RICHMOND, Va. – The "Carolina Squat," a dangerous modification made to vehicles has now been banned in Virginia.
On Monday Governor Glenn Youngkin signed SB777, a bill to ban the “Carolina Squat” at a ceremony in Lynchburg.
The governor's office said the family of a young father who was tragically killed in a collision with a truck with Carolina squat modifications this year also joined the governor for the signing.
“I’m honored today to be here with BJ’s family, the public servants who acted quickly to move legislation to my desk to address the problem, and the law enforcement heroes who will enforce this new law and keep our roads and highways safer,” said Governor Glenn Youngkin. “Nothing can bring BJ back, but with faith, time and love we can begin to heal from the pain of losing him. But the spirit of Virginia is strong, and when Virginians see a problem they come together and act.”
The bill now bans "Carolina squat" style modifications on Virginia highways by further specifying that, within the absolute minimum and maximum height ranges, the height of the front bumper is to be no more than four inches greater than the height of the rear bumper.
"Carolina Squat-style modifications are impractical, and can also be very dangerous.
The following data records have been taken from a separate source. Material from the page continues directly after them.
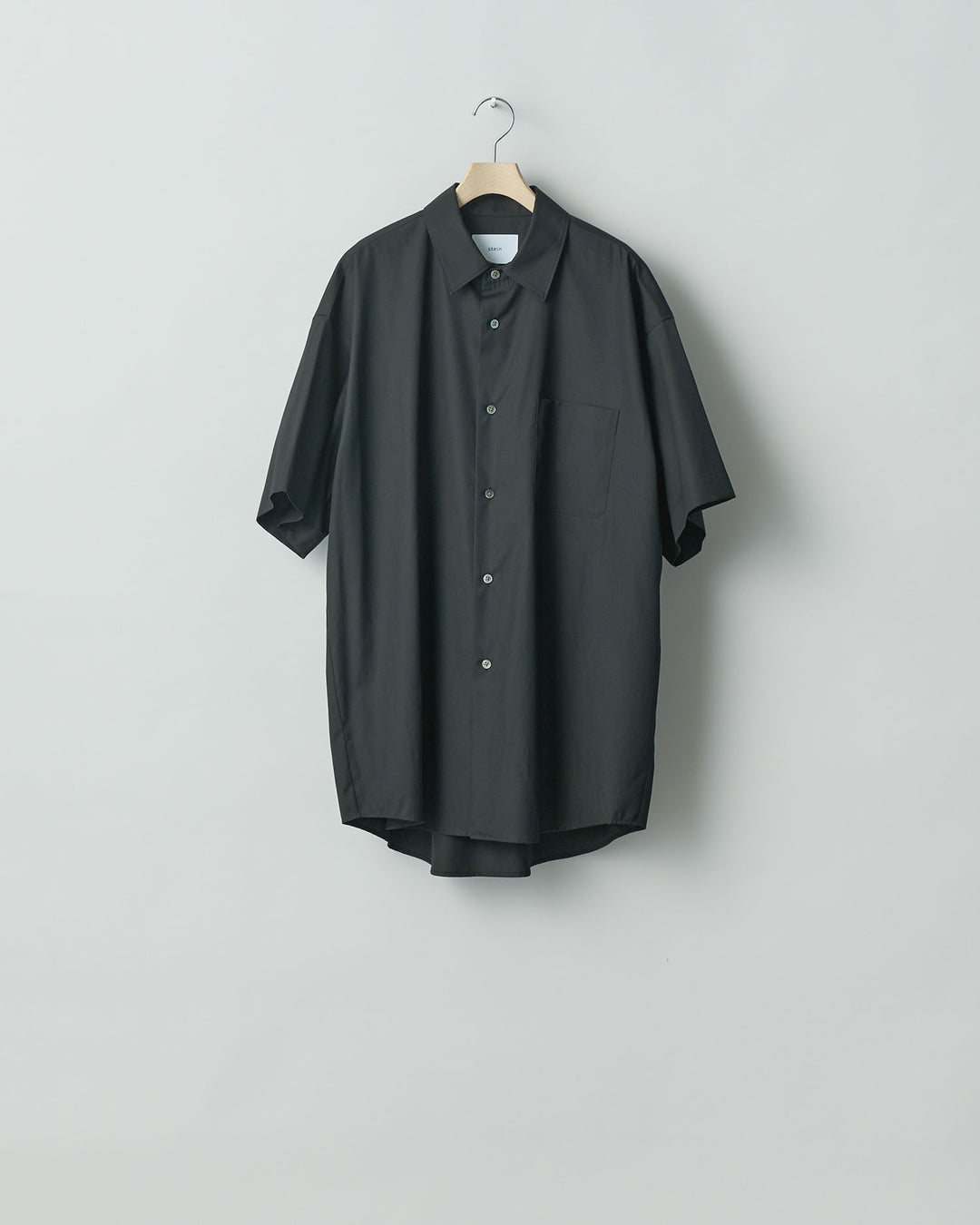 ssstein stein(シュタイン)の24SSコレクション OVERSIZED SS SHIRT - BLACK 公式通販サイトsession福岡セレクトショップ 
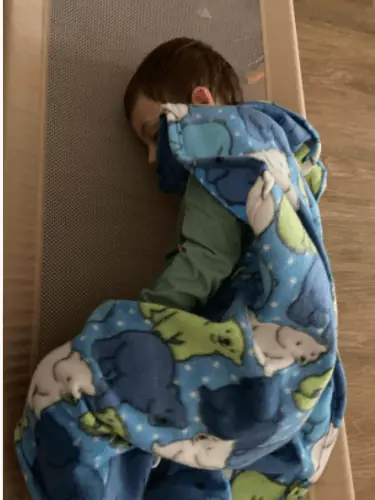 Help children feel safe and secure at Horizons For Homeless Children
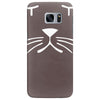whiskers cat dog cute puppy animal baseball jersey Samsung Galaxy S7 Edge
The suspension modifications change the function and handling of the vehicles. If the front end of the vehicle is higher than the rear end, the headlights are pointed towards the sky instead of illuminating the road ahead. The truck being angled compromises the driver's view and alters the dispersion of mechanical force in the event of a collision," Youngkin's office said in a press release.
The bill will become law within the next day once it is formally communicated back to the House Clerk’s Office and enrolled in the Act of Assembly.
North Carolina Gov. Roy Cooper signed a similar House Bill in late August of 2021 and the bill went into effect on December 1, 2021.